I woke up in a robin's egg blue bedroom. The curtains were a soft cream, casting lace shadows across the room. It wasn't a dark day, but it was raining a little, just enough that I couldn't tell what time of day it was.


My phone had died in the night, and I didn't want to disturb anyone, so I switched on the little brass lamp on the bedside table and started to read.


The three books I'd chosen were: The Great Silkie of Sule Skerrie, Selkie Wife, and Seals and Swans: Cryptid Maidens by Prue C. Jamison.


In Jamison's introduction, she writes:


A Selkie is an example of the Swan Maiden motif. In folklore, this motif tells the story of a Cryptid who has two forms: a young, attractive human and another creature, most typically a swan. While in their human form, the impossibly beautiful human catches the attention of a lover who steals their clothing while bathing or swimming. The clothes hold the necessary magical ingredients for the Cryptid to change shape; without them, the Cryptid cannot shift back to its most authentic form and, therefore, cannot return to its home. In Selkie myths, the Cryptid's most true form is that of a Seal. 
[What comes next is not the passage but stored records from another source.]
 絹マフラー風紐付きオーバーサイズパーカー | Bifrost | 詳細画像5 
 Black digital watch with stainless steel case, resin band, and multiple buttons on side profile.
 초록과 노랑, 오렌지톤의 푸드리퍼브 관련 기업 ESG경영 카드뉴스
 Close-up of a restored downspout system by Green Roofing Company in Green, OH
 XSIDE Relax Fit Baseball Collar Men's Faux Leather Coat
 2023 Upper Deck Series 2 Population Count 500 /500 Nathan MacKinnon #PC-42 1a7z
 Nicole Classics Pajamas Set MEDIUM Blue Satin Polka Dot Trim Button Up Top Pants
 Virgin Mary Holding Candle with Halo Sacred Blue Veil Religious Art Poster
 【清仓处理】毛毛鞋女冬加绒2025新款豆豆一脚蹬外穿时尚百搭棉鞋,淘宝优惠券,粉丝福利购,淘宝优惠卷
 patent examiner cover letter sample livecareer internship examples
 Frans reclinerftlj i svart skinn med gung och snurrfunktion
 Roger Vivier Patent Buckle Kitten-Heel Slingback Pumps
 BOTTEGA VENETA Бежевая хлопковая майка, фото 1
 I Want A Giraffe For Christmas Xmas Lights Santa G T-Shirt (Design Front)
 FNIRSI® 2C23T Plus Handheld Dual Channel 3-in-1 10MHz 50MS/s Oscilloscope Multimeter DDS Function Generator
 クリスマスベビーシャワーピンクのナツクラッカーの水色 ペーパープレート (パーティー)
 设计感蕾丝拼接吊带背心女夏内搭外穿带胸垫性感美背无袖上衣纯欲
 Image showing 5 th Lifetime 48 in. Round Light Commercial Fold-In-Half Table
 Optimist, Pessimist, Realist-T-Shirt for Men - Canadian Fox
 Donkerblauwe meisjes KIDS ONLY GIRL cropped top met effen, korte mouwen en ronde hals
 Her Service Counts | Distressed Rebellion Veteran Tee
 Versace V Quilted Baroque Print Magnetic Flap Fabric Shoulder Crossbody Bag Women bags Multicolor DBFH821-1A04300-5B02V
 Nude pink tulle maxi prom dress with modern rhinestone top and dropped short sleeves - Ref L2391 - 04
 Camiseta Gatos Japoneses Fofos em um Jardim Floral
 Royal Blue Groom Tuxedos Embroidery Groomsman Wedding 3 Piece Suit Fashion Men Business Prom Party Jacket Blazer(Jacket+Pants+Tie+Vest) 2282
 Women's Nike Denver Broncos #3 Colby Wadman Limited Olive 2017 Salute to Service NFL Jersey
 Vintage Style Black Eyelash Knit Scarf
In the Orkney Islands, these seals are easily identifiable as they are larger and brighter coloured than their counterparts. In Swan Maiden myths, made famous by Swan Lake, the Cryptid is a beautiful woman by night and a swan by day."

So, my mother wasn't human. Cool. I mean, I knew that before this point, but I hadn't sat with it. What did that say about me? Was I a... Cryptid? Am I... a monster?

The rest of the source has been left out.